USDA economist says global crop production shortfalls add another year of uncertainty

USDA’s Chief Economist says lower crop production around the world has added volatility in the commodity markets.  

Seth Meyer tells Brownfield “I think this goes back 18 or months where we’ve had really solid demand where we’ve had a series of production hiccups. Think about the South American soybean crop, or the Indian wheat crop looked like it was going to be really good and then it wasn’t quite as good as everybody had hoped.  We’ve had these production shortfalls that keep sparking uncertainty in the market.”

And, he says, he’s unsure how much Ukrainian farmers will harvest or export this fall and that adds even more uncertainty.
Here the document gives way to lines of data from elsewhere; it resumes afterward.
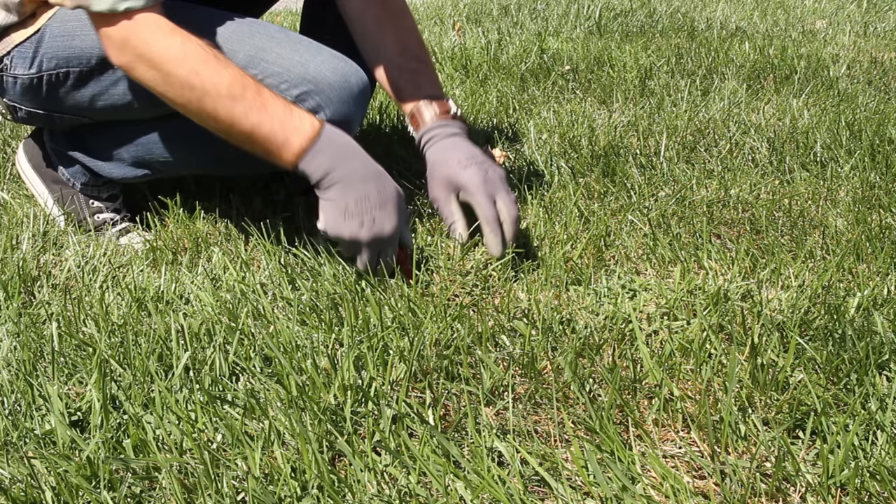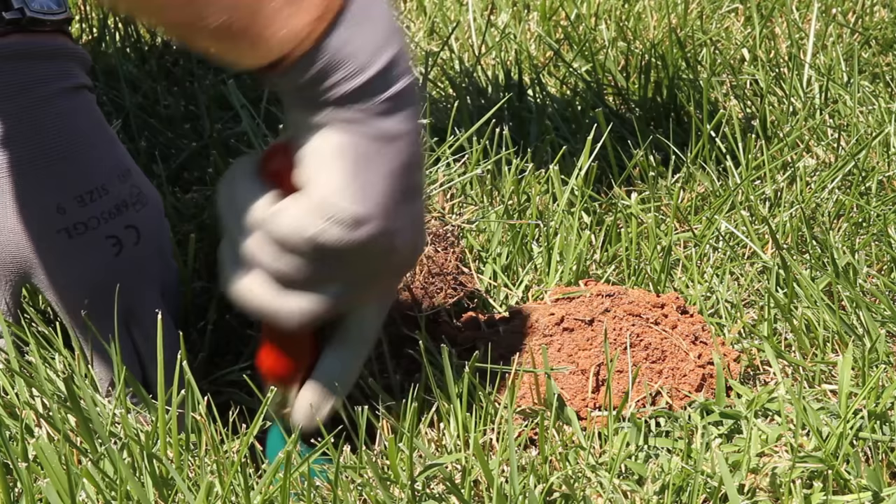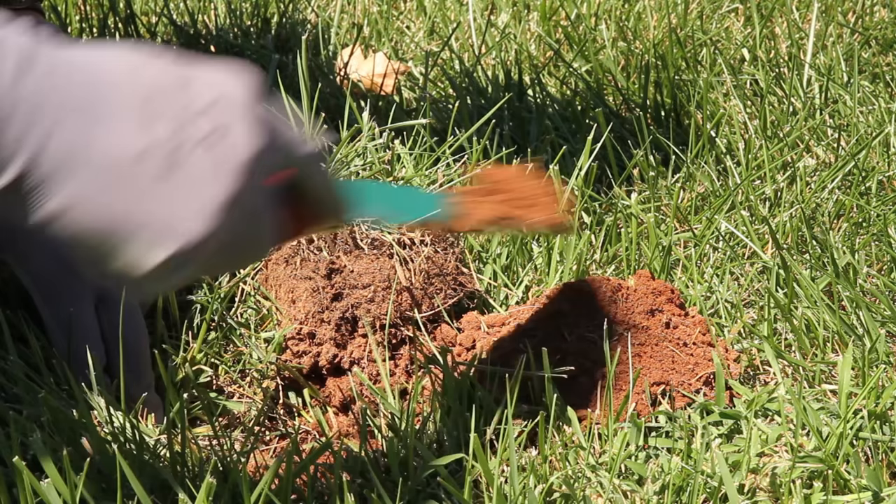Cut a square foot sample of turf in each area, pulling turf away from the soil. First check the soil for any larvae, and then check the sod sample. If you have an average number above 25 larvae in each sample, begin treatment.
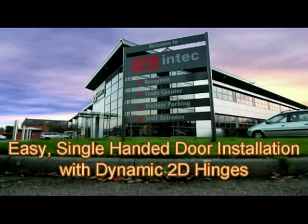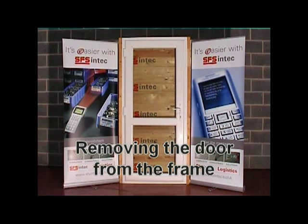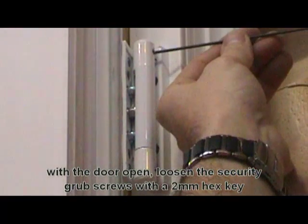Easy single-handed door installation with dynamic 2D hinges — removing the door from the frame. With the door open, loosen the security grub screws with a two millimeter hex key.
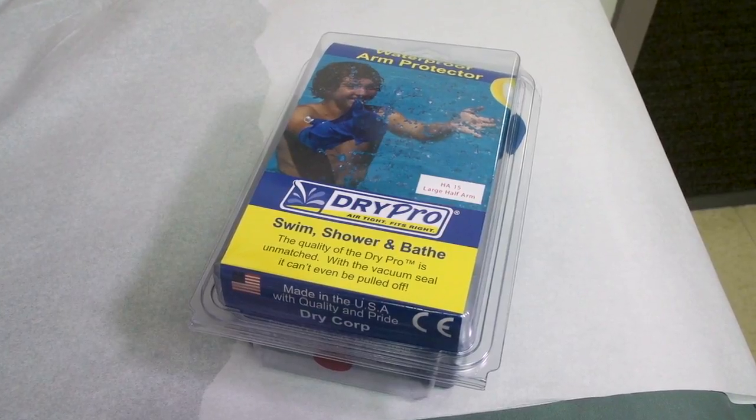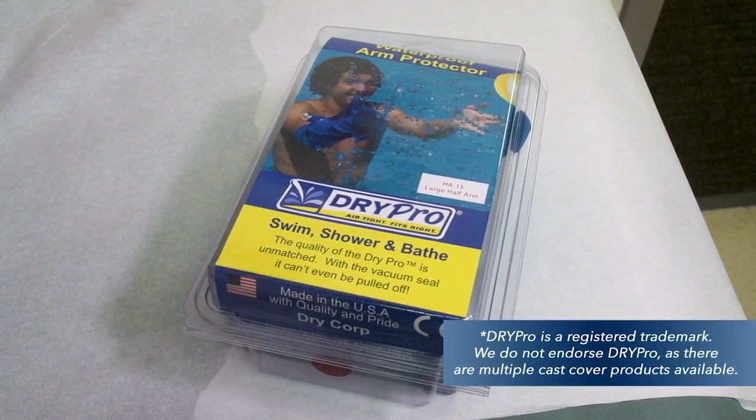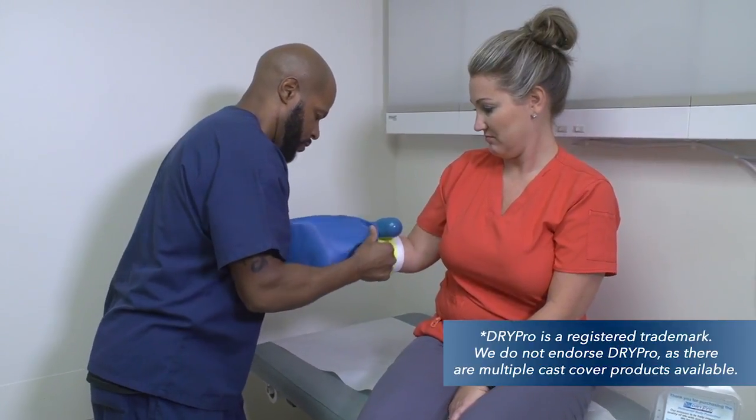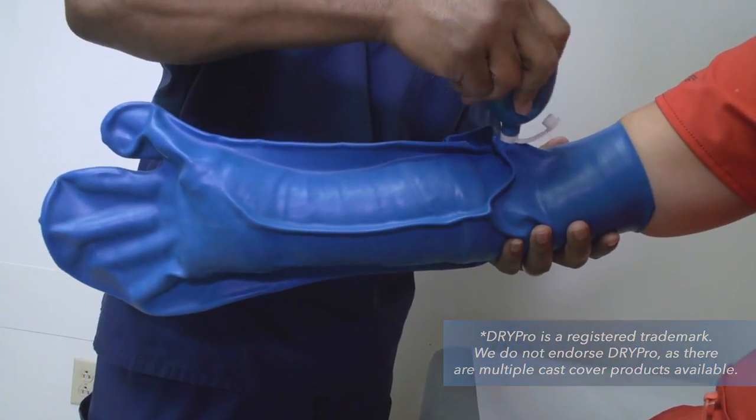Another option to keep your cast dry is to use a product such as DryPro, which is available for purchase through our office. This product uses a vacuum seal to prevent water from getting into the cast.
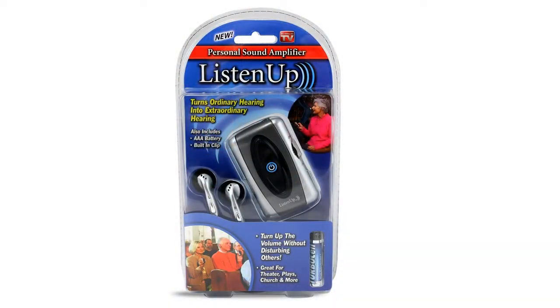If you had to make everything from scratch it'd be a fair bit of work, but on eBay you can buy a little amplifier called the Listen Up Portable Personal Sound Amplifier. It's a small product designed primarily for elderly people so they can better hear conversations going on around them.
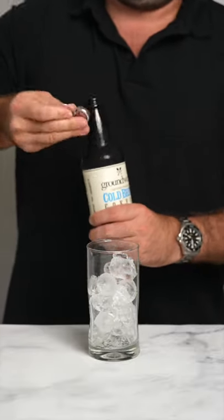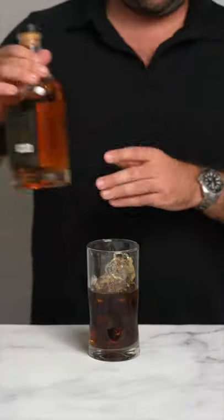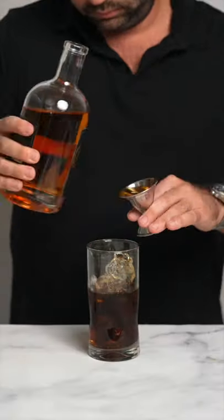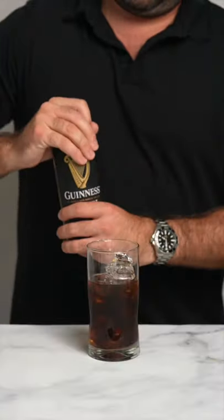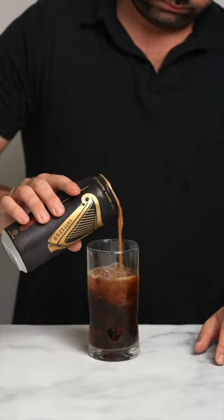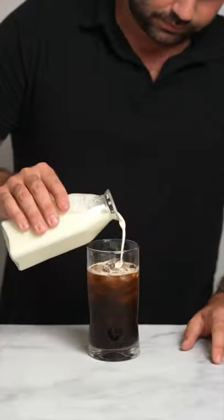Start with a cup of Groundwork cold brew. Then add one and a half ounces Irish whiskey, followed by a quarter cup of Guinness stout. Top it off with a splash of vanilla coconut milk.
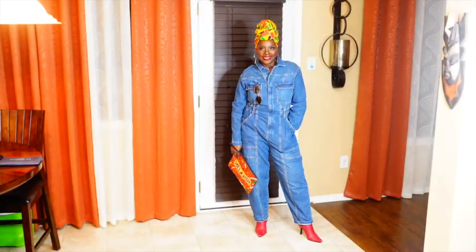In the meantime, without further ado, grab your coffee, your wine, or your tea depending on what time of day you're watching — and let's get into this Target haul. All right, this first outfit is a denim jumpsuit.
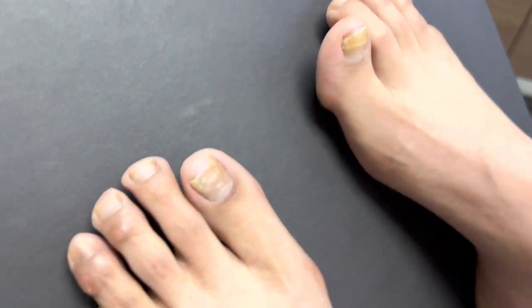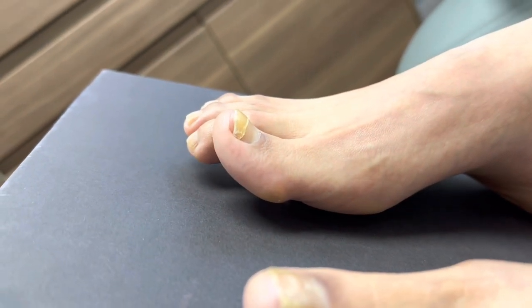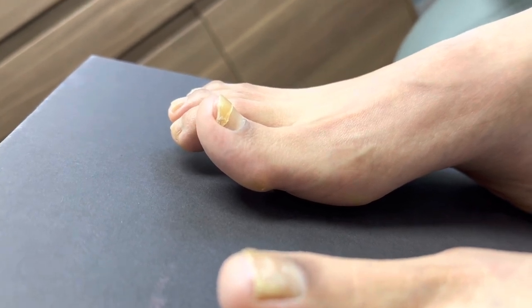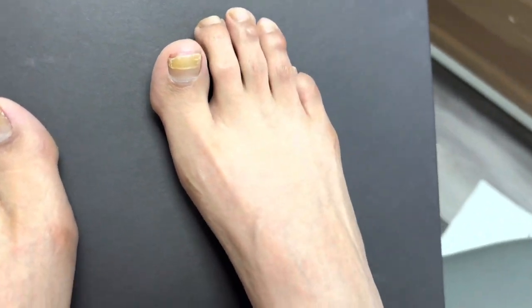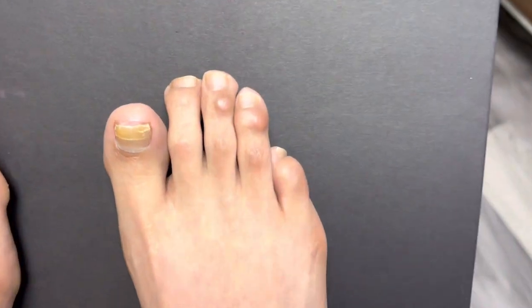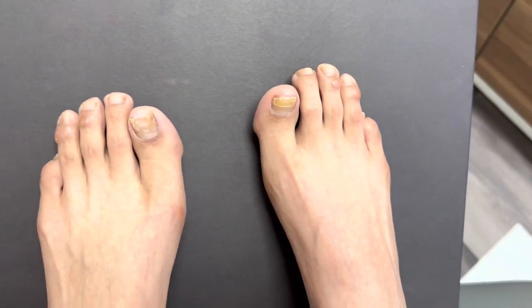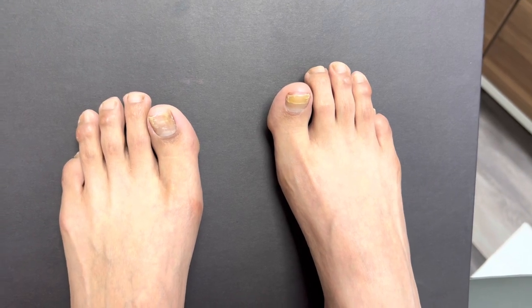As everyone can see here, this is what I mean by the big toes — they're kind of raised like that. That's called a hallux extensis. We're going to go ahead and bring that down. We're also going to excise the unsightly lesions. This is going to be a beautiful transformation, and I think everyone's going to enjoy this tremendously.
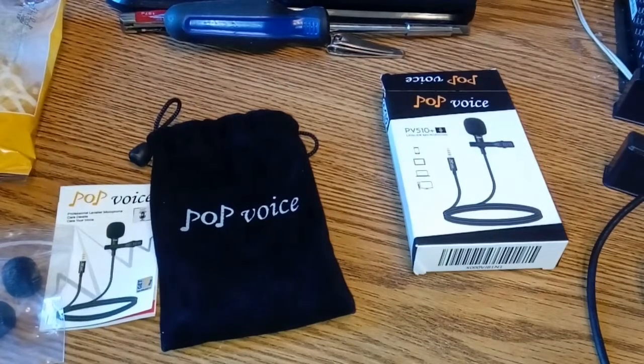We're back — plugging it straight in on the Mobile G3 doesn't work because of the lack of external mic support in the Mobile G3's camera app. So we're back in Open Camera testing this lavalier mic. We're going to tap it a few times and see what kind of audio quality we get — is it clearer, is it better? Let's find out.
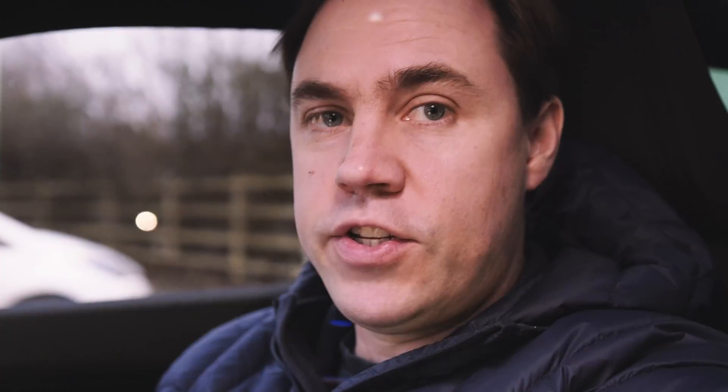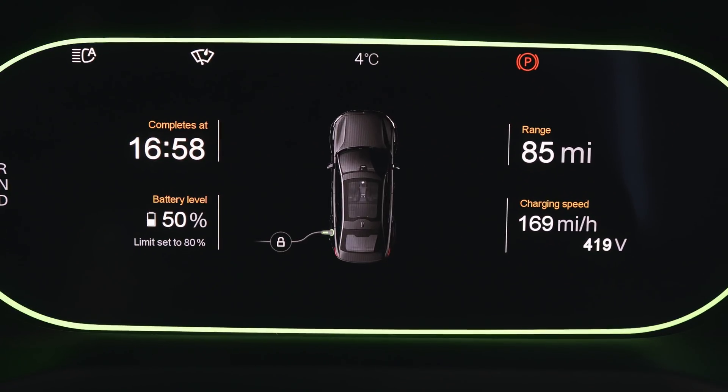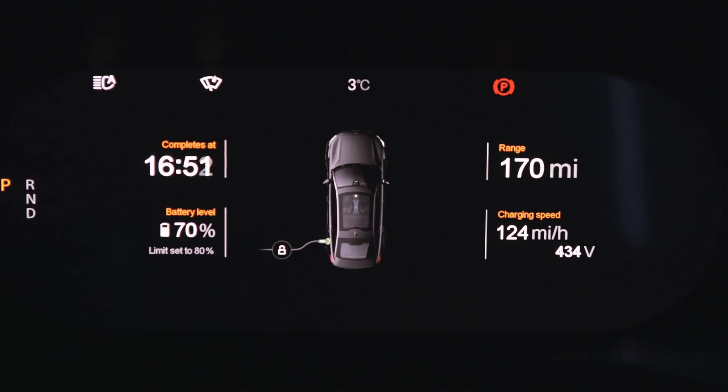At 40% we're seeing around 220 miles per hour again — 88 kilowatts, so not much has changed. At 50% it's slowed down to 170 miles per hour — 170 divided by 2.5 is just 68 kilowatts — a significant drop. That's quite disappointing; I really hoped this charging experiment might prove I'd get a higher charge speed than previously. Even warming up the battery didn't seem to help much. At 70% the charging speed is showing 124 miles per hour — 124 divided by 2.5 is 49.6 — basically a 50 kilowatt charge now.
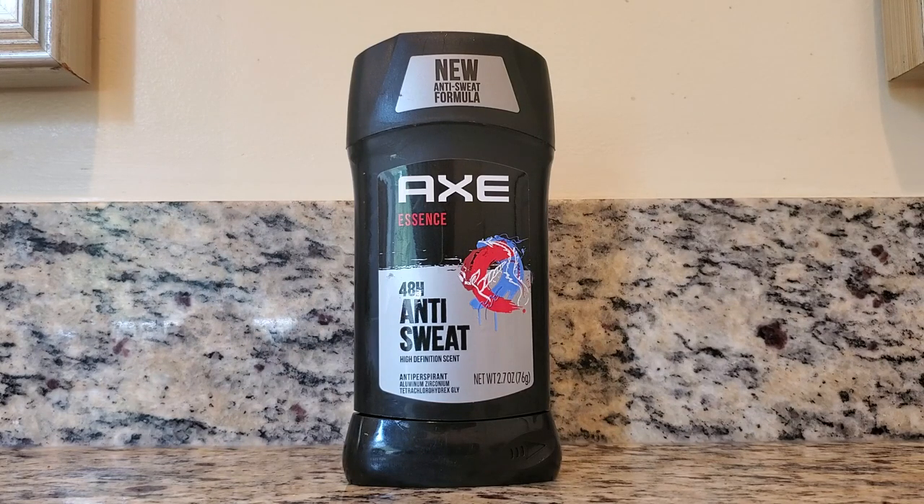Today, I'm going to be showing you Axe Essence 48-Hour Anti-Sweat Antiperspirant. This is one of my boyfriend's favorite antiperspirants. He really likes the smell. It just smells like a very manly smell. When I smelled it the first time, one of the first words that came into my mind was spicy.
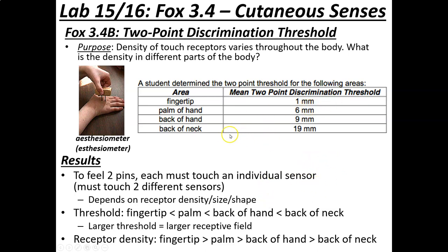We test four body parts: the fingertip, palm of the hand, back of the hand, and back of the neck. An interesting area is the back of the calf, but it's not easily accessible in lab, so we use those four. The data we end up seeing follows a clear pattern across these locations.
Meyer says USDA’s latest production report showed a shrinking North American crop with cuts to corn and soybean acres. “Those were the surprises, which gave us a smaller crop than what we anticipated even if we go the yields right. Yields, which were a little below trend for these primary spring crops, but acreage was the surprise.  Smaller crop, smaller production and I think we’ve pushed this uncertainty out another 12 months.”  

USDA recently reduced corn area by about 1 million acres and 570,000 acres for soybeans.

Brownfield interviewed Meyer at the 2022 Ag Outlook Forum presented by Agri-Pulse and the Kansas City Agribusiness Council.